▸ PROVIDED MATERIAL
——————————

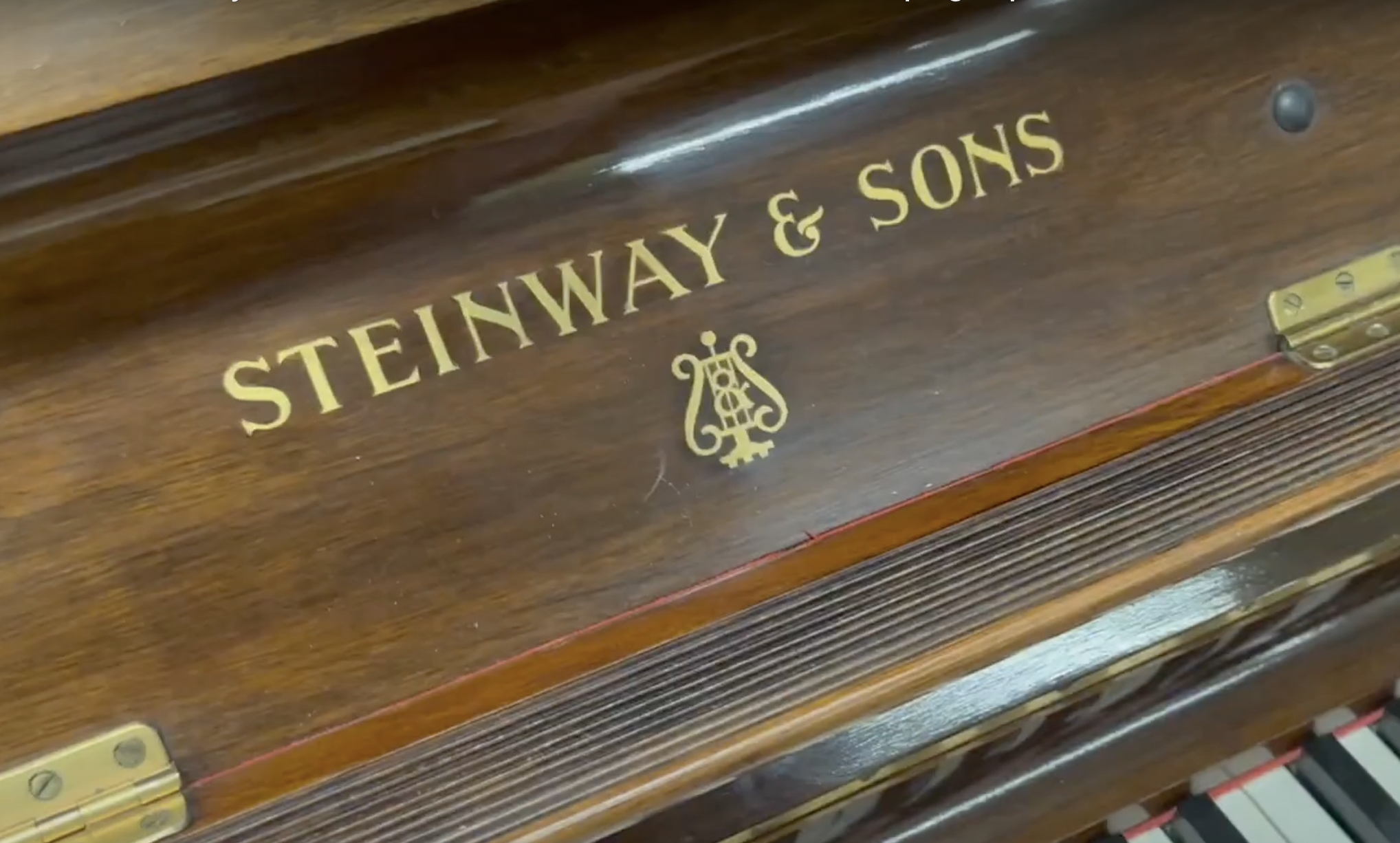 Piano Image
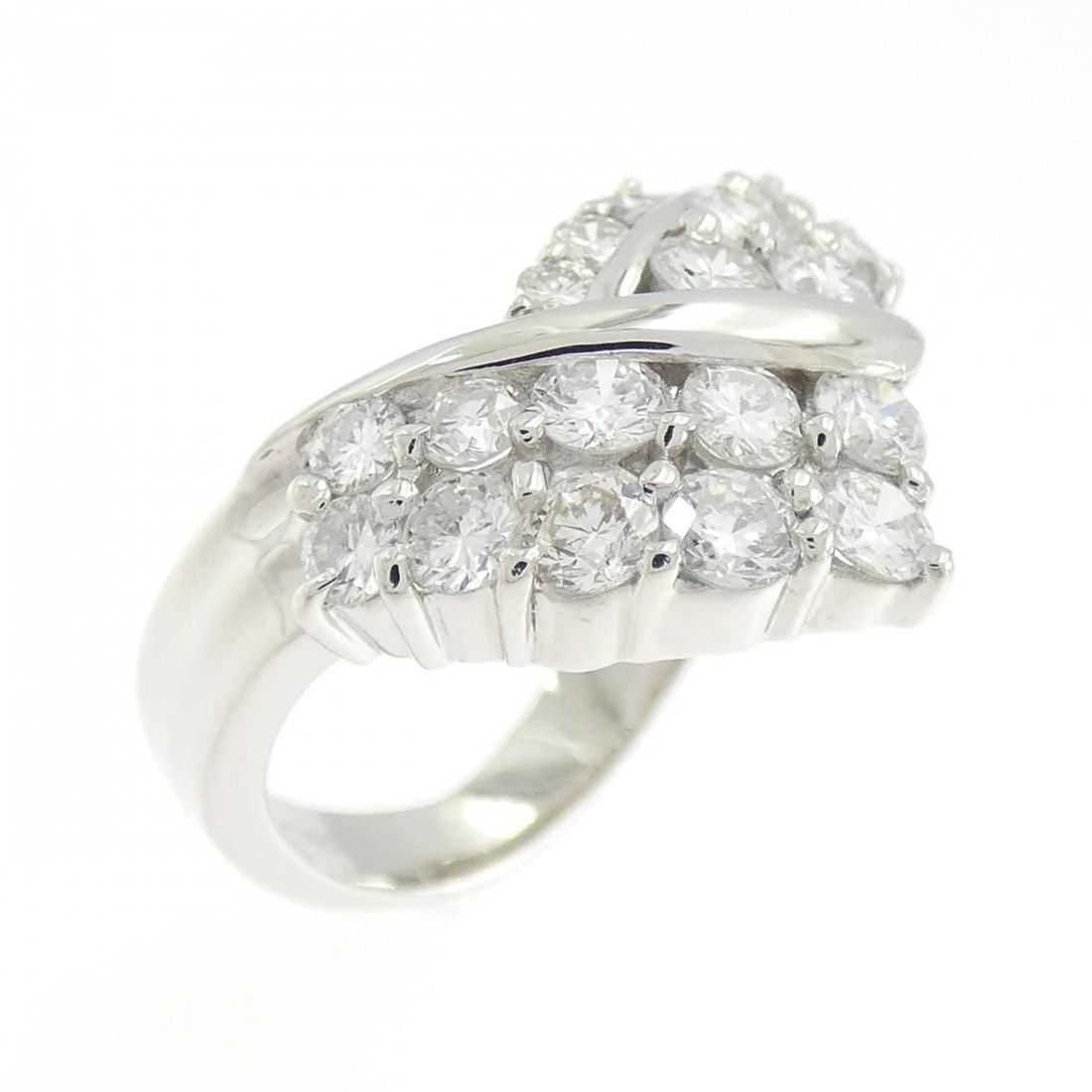 PT900 DIAMOND RING: PT900 Diamond Ring Brand: Unbranded Type/Style: Diamond Ring Material: Platinum900, Main Stone/Creation Natural Color: Platinum Size: US 5 1/4 Accessories: None Accessories Notice: When purchasing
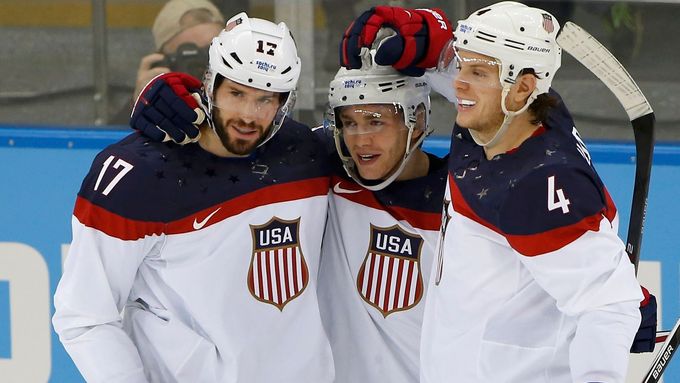 Prohlédněte si fotografie z potupy slovenských hokejistů na úvod olympiády, kdy pohráli s týme USA vysoko 1:7.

——————————

▸ THE TASK
Copy out all the data exactly. The images should not appear in the copy.

▸ ANSWER TO THE PROBLEM
 Piano Image
 PT900 DIAMOND RING: PT900 Diamond Ring Brand: Unbranded Type/Style: Diamond Ring Material: Platinum900, Main Stone/Creation Natural Color: Platinum Size: US 5 1/4 Accessories: None Accessories Notice: When purchasing
 Prohlédněte si fotografie z potupy slovenských hokejistů na úvod olympiády, kdy pohráli s týme USA vysoko 1:7.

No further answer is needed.